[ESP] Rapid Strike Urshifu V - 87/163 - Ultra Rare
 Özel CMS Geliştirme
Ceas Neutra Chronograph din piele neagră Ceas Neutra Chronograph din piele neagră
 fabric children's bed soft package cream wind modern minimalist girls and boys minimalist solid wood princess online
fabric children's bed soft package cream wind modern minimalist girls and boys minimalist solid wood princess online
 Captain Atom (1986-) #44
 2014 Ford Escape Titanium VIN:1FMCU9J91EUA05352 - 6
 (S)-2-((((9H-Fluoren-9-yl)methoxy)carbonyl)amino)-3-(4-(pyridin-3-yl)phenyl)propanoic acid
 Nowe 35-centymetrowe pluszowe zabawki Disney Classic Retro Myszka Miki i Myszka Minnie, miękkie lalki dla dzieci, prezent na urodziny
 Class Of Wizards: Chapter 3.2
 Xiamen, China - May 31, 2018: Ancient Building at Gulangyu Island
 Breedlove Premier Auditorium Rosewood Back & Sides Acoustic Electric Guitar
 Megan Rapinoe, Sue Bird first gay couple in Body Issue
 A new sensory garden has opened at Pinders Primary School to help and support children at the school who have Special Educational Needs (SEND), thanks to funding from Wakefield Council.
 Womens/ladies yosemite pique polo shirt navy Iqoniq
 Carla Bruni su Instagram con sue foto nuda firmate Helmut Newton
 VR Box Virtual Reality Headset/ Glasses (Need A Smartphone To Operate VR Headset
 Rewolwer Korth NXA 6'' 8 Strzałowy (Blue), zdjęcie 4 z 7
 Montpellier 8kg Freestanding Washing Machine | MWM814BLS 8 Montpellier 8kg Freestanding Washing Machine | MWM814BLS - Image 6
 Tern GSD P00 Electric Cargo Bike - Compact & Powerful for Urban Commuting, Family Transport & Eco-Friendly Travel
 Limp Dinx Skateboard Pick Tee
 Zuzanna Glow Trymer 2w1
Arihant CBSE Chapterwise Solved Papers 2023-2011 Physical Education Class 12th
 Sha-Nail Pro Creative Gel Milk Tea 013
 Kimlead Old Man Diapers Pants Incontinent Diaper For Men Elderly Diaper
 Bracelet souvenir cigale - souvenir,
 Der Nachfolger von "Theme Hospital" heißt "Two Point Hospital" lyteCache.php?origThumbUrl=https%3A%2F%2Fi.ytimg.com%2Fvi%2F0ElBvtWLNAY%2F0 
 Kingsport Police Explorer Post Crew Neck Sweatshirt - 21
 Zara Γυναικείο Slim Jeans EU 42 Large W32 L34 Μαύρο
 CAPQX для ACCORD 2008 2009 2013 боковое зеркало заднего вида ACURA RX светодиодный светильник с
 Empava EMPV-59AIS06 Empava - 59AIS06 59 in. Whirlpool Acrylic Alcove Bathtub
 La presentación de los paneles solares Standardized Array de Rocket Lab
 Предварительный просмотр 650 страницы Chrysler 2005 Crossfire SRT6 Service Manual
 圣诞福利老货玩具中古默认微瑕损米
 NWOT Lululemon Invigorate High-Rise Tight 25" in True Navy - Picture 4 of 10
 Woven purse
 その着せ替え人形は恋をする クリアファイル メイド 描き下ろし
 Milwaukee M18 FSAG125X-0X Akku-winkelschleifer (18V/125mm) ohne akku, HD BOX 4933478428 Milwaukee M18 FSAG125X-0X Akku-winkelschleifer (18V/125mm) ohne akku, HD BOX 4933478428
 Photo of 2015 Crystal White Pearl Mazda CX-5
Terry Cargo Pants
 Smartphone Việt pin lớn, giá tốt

——

* [The task] Every record in the listing above should be reproduced exactly.

* [Response box]
[ESP] Rapid Strike Urshifu V - 87/163 - Ultra Rare
 Özel CMS Geliştirme
Ceas Neutra Chronograph din piele neagră Ceas Neutra Chronograph din piele neagră
 fabric children's bed soft package cream wind modern minimalist girls and boys minimalist solid wood princess online
fabric children's bed soft package cream wind modern minimalist girls and boys minimalist solid wood princess online
 Captain Atom (1986-) #44
 2014 Ford Escape Titanium VIN:1FMCU9J91EUA05352 - 6
 (S)-2-((((9H-Fluoren-9-yl)methoxy)carbonyl)amino)-3-(4-(pyridin-3-yl)phenyl)propanoic acid
 Nowe 35-centymetrowe pluszowe zabawki Disney Classic Retro Myszka Miki i Myszka Minnie, miękkie lalki dla dzieci, prezent na urodziny
 Class Of Wizards: Chapter 3.2
 Xiamen, China - May 31, 2018: Ancient Building at Gulangyu Island
 Breedlove Premier Auditorium Rosewood Back & Sides Acoustic Electric Guitar
 Megan Rapinoe, Sue Bird first gay couple in Body Issue
 A new sensory garden has opened at Pinders Primary School to help and support children at the school who have Special Educational Needs (SEND), thanks to funding from Wakefield Council.
 Womens/ladies yosemite pique polo shirt navy Iqoniq
 Carla Bruni su Instagram con sue foto nuda firmate Helmut Newton
 VR Box Virtual Reality Headset/ Glasses (Need A Smartphone To Operate VR Headset
 Rewolwer Korth NXA 6'' 8 Strzałowy (Blue), zdjęcie 4 z 7
 Montpellier 8kg Freestanding Washing Machine | MWM814BLS 8 Montpellier 8kg Freestanding Washing Machine | MWM814BLS - Image 6
 Tern GSD P00 Electric Cargo Bike - Compact & Powerful for Urban Commuting, Family Transport & Eco-Friendly Travel
 Limp Dinx Skateboard Pick Tee
 Zuzanna Glow Trymer 2w1
Arihant CBSE Chapterwise Solved Papers 2023-2011 Physical Education Class 12th
 Sha-Nail Pro Creative Gel Milk Tea 013
 Kimlead Old Man Diapers Pants Incontinent Diaper For Men Elderly Diaper
 Bracelet souvenir cigale - souvenir,
 Der Nachfolger von "Theme Hospital" heißt "Two Point Hospital" lyteCache.php?origThumbUrl=https%3A%2F%2Fi.ytimg.com%2Fvi%2F0ElBvtWLNAY%2F0 
 Kingsport Police Explorer Post Crew Neck Sweatshirt - 21
 Zara Γυναικείο Slim Jeans EU 42 Large W32 L34 Μαύρο
 CAPQX для ACCORD 2008 2009 2013 боковое зеркало заднего вида ACURA RX светодиодный светильник с
 Empava EMPV-59AIS06 Empava - 59AIS06 59 in. Whirlpool Acrylic Alcove Bathtub
 La presentación de los paneles solares Standardized Array de Rocket Lab
 Предварительный просмотр 650 страницы Chrysler 2005 Crossfire SRT6 Service Manual
 圣诞福利老货玩具中古默认微瑕损米
 NWOT Lululemon Invigorate High-Rise Tight 25" in True Navy - Picture 4 of 10
 Woven purse
 その着せ替え人形は恋をする クリアファイル メイド 描き下ろし
 Milwaukee M18 FSAG125X-0X Akku-winkelschleifer (18V/125mm) ohne akku, HD BOX 4933478428 Milwaukee M18 FSAG125X-0X Akku-winkelschleifer (18V/125mm) ohne akku, HD BOX 4933478428
 Photo of 2015 Crystal White Pearl Mazda CX-5
Terry Cargo Pants
 Smartphone Việt pin lớn, giá tốt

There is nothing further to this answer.